The recent release of a report by Consumer Representatives to the National Association of Insurance Commissioners (NAIC) sheds light on compliance gaps in Affordable Care Act (ACA) preventive services coverage and cost-sharing protections. This report is not only a comprehensive assessment but also a valuable set of recommendations for state insurance regulators to enhance the enforcement of vital consumer safeguards.
The spotlight is on an often overlooked aspect of preventive services access: complex and seemingly arbitrary plan policies for claims processing and payment. The intricacies of these policies determine the combination of procedure and diagnostic codes that providers must use to get reimbursed and flag claims as preventive. However, mismatches between codes can result in patients being charged for services that should be free.
The ACA holds preventive services and their coverage as paramount. More than 150 million people benefit from its provisions. Notably, studies have demonstrated improved health outcomes and increased utilization when preventive services are accessed without cost sharing. These provisions, however, face challenges from litigation aimed at removing them.
The report draws attention to the inconsistency in coverage guidance documents across different plans, which influences providers’ understanding of coding and billing. Variability can lead to miscategorization and billing errors, which adversely affect patient access to free services. While state laws reinforce these protections, limited oversight results in arbitrary variations across plans, with little adherence to clinical best practices.
The key issue lies in the claims adjudication process. Federal or state regulator oversight in this complex process is minimal, giving plans considerable discretion. This lack of control leads to inconsistency and even confusion regarding the coding process. The report exemplifies the variation in publicly posted guidance documents and their content among different plans, impacting services such as smoking cessation and HIV prevention.
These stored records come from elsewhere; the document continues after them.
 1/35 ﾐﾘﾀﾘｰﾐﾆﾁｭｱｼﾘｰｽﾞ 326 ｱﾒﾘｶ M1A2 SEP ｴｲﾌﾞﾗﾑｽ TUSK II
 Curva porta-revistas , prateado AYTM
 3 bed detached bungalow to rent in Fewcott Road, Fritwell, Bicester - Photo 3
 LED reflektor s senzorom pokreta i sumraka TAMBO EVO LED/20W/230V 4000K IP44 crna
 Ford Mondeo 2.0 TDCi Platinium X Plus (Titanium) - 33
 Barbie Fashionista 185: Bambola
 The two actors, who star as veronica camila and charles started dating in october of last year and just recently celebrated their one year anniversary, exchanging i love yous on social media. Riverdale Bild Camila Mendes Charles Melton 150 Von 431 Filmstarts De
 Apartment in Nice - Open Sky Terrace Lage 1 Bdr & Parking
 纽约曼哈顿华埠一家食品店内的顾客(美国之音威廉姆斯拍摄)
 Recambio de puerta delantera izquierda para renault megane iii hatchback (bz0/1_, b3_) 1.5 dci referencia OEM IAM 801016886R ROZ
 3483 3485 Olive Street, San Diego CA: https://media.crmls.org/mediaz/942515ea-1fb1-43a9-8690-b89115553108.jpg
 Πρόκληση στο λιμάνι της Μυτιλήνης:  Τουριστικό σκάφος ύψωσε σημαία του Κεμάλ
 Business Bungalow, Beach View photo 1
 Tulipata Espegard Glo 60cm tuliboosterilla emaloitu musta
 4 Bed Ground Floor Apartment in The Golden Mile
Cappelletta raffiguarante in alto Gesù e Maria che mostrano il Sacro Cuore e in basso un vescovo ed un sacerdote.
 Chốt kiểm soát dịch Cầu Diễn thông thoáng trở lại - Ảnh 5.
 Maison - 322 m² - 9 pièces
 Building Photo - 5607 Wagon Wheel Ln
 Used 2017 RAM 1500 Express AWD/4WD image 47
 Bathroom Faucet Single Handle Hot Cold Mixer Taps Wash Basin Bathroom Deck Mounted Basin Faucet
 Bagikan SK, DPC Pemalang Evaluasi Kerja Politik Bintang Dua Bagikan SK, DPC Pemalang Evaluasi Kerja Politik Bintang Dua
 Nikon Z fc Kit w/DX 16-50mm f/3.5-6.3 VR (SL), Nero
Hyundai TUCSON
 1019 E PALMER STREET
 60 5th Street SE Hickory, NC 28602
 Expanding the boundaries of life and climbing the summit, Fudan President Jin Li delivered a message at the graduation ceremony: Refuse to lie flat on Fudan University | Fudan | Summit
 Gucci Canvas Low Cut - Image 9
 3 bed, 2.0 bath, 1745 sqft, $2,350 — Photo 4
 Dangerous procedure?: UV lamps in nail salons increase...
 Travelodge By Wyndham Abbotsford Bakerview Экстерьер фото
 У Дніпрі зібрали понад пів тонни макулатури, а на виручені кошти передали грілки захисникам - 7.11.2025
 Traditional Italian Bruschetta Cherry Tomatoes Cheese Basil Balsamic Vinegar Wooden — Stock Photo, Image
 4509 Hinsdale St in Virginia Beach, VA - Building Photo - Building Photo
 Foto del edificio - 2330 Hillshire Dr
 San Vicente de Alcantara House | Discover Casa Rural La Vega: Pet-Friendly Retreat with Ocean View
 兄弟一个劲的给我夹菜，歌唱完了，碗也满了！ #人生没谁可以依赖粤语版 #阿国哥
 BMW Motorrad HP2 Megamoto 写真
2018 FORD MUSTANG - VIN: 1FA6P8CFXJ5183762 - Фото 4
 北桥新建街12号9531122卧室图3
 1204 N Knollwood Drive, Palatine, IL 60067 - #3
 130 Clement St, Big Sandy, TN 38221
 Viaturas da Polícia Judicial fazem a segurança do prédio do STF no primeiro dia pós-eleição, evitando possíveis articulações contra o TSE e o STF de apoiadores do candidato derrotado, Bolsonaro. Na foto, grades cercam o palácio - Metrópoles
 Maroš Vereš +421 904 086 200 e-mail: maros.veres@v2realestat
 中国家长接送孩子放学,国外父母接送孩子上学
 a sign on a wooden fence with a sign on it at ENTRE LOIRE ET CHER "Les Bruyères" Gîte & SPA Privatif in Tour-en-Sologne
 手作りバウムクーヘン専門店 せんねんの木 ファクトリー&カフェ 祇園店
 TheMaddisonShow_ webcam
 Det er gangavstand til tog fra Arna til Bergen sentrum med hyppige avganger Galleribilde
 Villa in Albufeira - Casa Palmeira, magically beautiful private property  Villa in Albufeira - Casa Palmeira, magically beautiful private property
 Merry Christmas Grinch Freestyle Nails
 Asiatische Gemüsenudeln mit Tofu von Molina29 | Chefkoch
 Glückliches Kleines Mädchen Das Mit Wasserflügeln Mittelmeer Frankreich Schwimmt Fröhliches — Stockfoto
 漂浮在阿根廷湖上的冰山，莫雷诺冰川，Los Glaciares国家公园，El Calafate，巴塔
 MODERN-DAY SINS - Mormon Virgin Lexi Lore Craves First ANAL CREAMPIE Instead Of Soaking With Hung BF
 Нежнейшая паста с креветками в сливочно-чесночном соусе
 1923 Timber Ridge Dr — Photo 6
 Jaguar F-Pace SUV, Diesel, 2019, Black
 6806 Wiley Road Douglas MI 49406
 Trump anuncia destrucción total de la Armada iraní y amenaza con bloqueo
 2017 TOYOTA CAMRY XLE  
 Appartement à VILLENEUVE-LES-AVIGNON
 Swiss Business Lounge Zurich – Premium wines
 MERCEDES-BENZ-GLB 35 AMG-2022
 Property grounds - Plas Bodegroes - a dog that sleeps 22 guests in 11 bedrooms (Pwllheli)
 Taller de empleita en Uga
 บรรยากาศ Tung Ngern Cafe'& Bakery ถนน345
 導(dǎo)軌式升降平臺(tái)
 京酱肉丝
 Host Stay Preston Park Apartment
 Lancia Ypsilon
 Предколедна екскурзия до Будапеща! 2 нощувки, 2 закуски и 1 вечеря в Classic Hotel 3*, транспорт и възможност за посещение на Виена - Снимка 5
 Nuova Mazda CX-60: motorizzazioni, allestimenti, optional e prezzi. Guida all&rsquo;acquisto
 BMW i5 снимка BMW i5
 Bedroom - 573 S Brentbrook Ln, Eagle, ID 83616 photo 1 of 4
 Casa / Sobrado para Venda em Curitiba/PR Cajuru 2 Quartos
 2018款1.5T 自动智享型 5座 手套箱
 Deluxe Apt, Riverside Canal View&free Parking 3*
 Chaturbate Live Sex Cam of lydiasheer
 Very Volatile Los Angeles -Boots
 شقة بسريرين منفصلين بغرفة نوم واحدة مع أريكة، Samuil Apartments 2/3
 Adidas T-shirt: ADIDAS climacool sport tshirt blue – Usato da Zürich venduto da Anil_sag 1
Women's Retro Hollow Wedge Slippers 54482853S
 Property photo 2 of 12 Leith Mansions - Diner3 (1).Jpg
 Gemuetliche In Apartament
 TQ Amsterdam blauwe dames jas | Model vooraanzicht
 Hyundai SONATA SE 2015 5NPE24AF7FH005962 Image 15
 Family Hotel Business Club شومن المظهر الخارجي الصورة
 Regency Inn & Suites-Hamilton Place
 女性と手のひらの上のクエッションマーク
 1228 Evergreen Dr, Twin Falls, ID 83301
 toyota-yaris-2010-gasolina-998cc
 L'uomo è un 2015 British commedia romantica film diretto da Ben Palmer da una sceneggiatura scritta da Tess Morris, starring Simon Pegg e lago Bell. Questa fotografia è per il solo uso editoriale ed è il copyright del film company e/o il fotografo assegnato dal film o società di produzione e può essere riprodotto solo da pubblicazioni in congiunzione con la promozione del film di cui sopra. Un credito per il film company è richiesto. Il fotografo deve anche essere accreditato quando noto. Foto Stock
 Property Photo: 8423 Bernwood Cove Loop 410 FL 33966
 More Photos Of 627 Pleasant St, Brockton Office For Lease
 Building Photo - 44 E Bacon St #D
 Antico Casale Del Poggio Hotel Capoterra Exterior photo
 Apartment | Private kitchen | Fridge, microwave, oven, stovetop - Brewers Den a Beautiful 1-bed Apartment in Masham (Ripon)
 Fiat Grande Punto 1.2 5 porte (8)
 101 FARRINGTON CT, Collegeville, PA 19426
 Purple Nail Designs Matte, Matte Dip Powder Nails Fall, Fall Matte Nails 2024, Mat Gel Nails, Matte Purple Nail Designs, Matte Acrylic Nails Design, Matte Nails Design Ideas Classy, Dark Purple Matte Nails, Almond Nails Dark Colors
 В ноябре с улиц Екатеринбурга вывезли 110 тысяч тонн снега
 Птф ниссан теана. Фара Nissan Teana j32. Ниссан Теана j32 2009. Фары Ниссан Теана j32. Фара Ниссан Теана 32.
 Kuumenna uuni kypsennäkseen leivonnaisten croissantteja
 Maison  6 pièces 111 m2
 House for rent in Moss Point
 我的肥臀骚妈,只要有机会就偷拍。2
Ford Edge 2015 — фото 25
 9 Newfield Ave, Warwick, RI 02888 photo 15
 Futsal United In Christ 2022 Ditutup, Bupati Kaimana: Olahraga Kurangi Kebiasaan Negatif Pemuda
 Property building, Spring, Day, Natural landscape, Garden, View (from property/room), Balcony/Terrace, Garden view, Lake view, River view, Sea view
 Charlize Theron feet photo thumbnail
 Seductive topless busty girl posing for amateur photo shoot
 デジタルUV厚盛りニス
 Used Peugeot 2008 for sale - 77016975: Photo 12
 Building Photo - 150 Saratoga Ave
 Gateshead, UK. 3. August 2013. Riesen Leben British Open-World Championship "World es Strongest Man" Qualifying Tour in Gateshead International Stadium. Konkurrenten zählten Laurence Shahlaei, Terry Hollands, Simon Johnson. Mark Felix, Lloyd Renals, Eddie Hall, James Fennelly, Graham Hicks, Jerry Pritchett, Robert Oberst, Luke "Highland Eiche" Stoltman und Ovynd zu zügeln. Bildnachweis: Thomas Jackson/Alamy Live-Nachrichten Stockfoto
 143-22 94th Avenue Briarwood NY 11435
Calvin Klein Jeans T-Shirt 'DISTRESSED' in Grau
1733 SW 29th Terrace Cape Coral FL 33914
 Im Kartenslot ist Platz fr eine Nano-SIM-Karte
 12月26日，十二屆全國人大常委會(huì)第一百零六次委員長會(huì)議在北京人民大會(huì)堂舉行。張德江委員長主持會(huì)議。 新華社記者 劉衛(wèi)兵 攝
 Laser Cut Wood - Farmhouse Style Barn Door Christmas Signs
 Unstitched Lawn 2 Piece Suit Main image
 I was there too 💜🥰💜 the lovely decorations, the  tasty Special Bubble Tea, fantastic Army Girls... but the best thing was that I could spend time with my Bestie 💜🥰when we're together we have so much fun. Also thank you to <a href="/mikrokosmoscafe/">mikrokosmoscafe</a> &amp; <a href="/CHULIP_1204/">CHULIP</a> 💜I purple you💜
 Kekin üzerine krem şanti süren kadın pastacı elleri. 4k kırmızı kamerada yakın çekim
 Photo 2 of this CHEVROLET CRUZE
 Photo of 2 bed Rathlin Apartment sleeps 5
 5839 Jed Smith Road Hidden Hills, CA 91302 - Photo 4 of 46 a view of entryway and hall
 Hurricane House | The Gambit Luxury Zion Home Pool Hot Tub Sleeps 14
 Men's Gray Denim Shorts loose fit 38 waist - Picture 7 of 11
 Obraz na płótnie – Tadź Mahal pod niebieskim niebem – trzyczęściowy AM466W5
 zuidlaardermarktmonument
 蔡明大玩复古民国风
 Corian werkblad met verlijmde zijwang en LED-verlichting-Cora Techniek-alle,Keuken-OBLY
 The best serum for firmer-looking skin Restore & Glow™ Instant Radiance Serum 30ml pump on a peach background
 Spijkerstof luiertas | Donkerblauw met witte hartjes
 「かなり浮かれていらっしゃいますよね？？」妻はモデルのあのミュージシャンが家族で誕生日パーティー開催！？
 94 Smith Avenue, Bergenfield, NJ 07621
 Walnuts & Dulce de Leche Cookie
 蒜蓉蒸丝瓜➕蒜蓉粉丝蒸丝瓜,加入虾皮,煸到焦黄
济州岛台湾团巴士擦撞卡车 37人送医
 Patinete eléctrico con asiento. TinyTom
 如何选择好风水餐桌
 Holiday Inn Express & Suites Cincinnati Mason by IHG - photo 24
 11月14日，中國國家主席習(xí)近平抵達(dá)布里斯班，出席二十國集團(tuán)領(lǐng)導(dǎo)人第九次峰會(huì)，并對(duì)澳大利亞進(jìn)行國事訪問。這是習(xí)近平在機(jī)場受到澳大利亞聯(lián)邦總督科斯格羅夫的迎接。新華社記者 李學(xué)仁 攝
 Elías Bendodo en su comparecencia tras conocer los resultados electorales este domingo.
Kentucky’s experience demonstrates the challenges providers face due to varying coding requirements. The state’s effort to understand how plans adjudicate preventive services revealed that insurers rarely use the same procedural and diagnostic codes. This inconsistency contributes to higher rates of denials and inappropriate cost-sharing charges.
Regulators need to take action to improve access to zero-cost preventive services. States can request claims data from insurers, following Kentucky’s example, and review compliance. Furthermore, regulators should enforce clearer appeals processes for providers to rectify mis-adjudicated claims. Standardizing billing and coding guidance for preventive services, similar to their claims processing, can streamline compliance efforts.
Until these opaque and arbitrary payment policies are addressed, consumers may continue to face unexpected bills rather than the cost-sharing-free prevention the ACA promises. Regulators must take proactive steps to ensure that the essence of the ACA’s preventive services provisions translates into tangible benefits for consumers.